OPNsense Forum

Archive => 21.1 Legacy Series => Topic started by: sesquipedality on July 22, 2021, 12:50:43 pm

Title: Automatic CARP demotion on link failure
Post by: sesquipedality on July 22, 2021, 12:50:43 pm
Hello, I have two routers connected to different uplinks in a redundant CARP setup, one configured as primary CARP, the other as backup.  I would like the primary machine to demote itself when when its uplink fails and to re-establish itself as primary when the link comes back up.  Is there a way to do this with OpnSense?
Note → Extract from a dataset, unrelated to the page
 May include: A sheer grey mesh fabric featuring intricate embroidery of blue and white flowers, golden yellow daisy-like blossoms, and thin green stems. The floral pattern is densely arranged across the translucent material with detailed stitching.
Thanks.
Title: Re: Automatic CARP demotion on link failure
Post by: mimugmail on July 22, 2021, 03:00:12 pm
If both machines are not connected on all ports to all interfaces it's not a supported CARP design, sorry.
Title: Re: Automatic CARP demotion on link failure
Post by: sesquipedality on July 22, 2021, 05:11:52 pm
That seems like a shame.  I'm currently considering firing up two OpnSense instances (in VMs) to act as pure WAN interfaces (WAN on one side, unfirewalled VPN on the other) so that I can configure my redundant firewall routers (also VMs) to talk to both interfaces via the unfirewalled VPN, but this seems like a very complex way to accomplish something that I think ought to be a lot simpler than this.
Title: Re: Automatic CARP demotion on link failure
Post by: sesquipedality on July 23, 2021, 07:22:53 pm
OK, so it turns out that this is in fact totally possible using monit.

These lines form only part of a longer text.